Seit September vergangenen Jahres macht Lena Wohlschläger nun die Ausbildung zur Geigenbauerin in Cremona. "Dadurch, dass es in Italien ein anderes Schulsystem gibt, sind in meiner Klasse auch sechs Gymnasiasten, die parallel zu der Ausbildung noch ihr Abitur machen", sagt Wohlschläger, "mir wird aber mein Abitur angerechnet, ich muss also die normalen Schulfächer nicht belegen und kann meine Ausbildung von fünf auf vier Jahre verkürzen." In ihrer Klasse sind 35 Schüler aus aller Welt, sie ist die Einzige aus Deutschland. "In der Schule wird nur italienisch gesprochen, aber das ist kein Problem, ich hab ja schon ein Jahr in Italien gelebt und in meiner WG wohne ich auch mit drei italienischen Studenten zusammen."

Im kommenden Jahr wird die 20-Jährige anfangen, ihre erste eigene Geige zu bauen. In den vergangenen Monaten hat sie schon viele der kleinen Einzelteile hergestellt. "Bei einer Geige ist besonders auf die Holzauswahl zu achten", so Wohlschläger, "zum Bau einer Geige wird hauptsächlich Ahornholz für den Boden, die Seitenwände und die Schnecke verwendet, Fichtenholz benutzt man nur für die Decke". Grundsätzlich müssen die angehenden Geigenbauer keine Klausuren schreiben. "Alles, was in der Ausbildung produziert wird, wird bewertet", so Wohlschläger, "jedoch gibt es manchmal auch Tests in den theoretischen Fächern wie Holztechnik, Physik und technischem Zeichnen."

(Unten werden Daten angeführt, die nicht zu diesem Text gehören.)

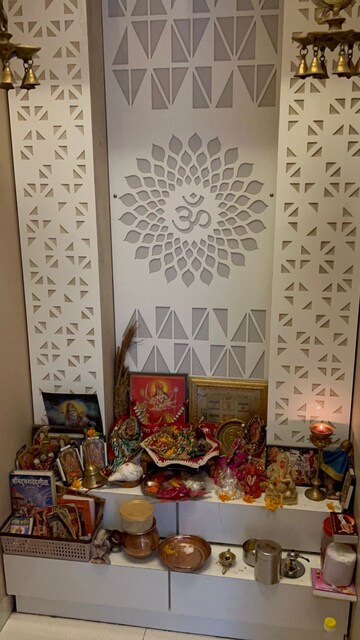 Room in 2 BHK Apartment at Lodha Amara, Kolshet Road – for Rent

Lena Wohlschläger spielt Geige seit ihrem fünften Lebensjahr. "Im Kindergarten habe ich angefangen, mit meiner ersten Geigenlehrerin das Instrument spielerisch kennenzulernen", erzählt sie, "und habe dann nach der Grundschule auf ein musisches Gymnasium gewechselt." Mit ungefähr acht Jahren habe sie angefangen, zusammen mit ihrer besten Freundin Maria, die Harfe spielt, in der Kindergruppe "Bradl Musi" bayerische Volksmusik zu spielen. Vor drei Jahren gründeten die beiden Freundinnen gemeinsam mit Magdalena, Klarinette, das Dreigesang-Trio "Goldreif Dirndl". Die drei jungen Musikerinnen verbindet über ihre Freundschaft hinaus vor allem eines: die Liebe zum bayerischen Volksliedgut. "Uns gefällt die bayerische Volksmusik einfach sehr", sagt Wohlschläger, "wir möchten diese Musiktradition bewahren und das Kulturgut weitertragen." Und das Interesse hält an: Im Dezember war die Geigenbauerin jedes Wochenende zuhause in Aying. Acht Auftritte hatten die "Goldreif Dirndl" allein in diesem Monat, für den sie sich schon im Sommer vorbereitet haben. "Im Advent ist eben immer viel los, es gibt aber auch ruhigere Phasen", erzählt sie, "aber wir machen das ja alle drei nicht professionell, es ist unser Hobby."

Nach ihrer Ausbildung will sie Arbeitserfahrungen sammeln, denn "erst wenn man viele Instrumente gebaut hat, geht es einem in Fleisch und Blut über", zitiert die Schülerin einen ihrer Lehrer. Ob sie nach der Lehre in Italien bleiben wird, weiß sie noch nicht. "Das Leben in Italien ist chaotischer, für viele Prozesse, die bei uns schnell gehen, braucht man hier viel Geduld", erzählt die junge Frau, "aber ich mag die Lebensweise, dass nicht immer alles perfekt sein muss." Aying vermisse sie aber manchmal, vor allem, "weil es hier immer so bleibt, wie es schon immer war", sagt Lena, "dahoam bleibt eben dahoam."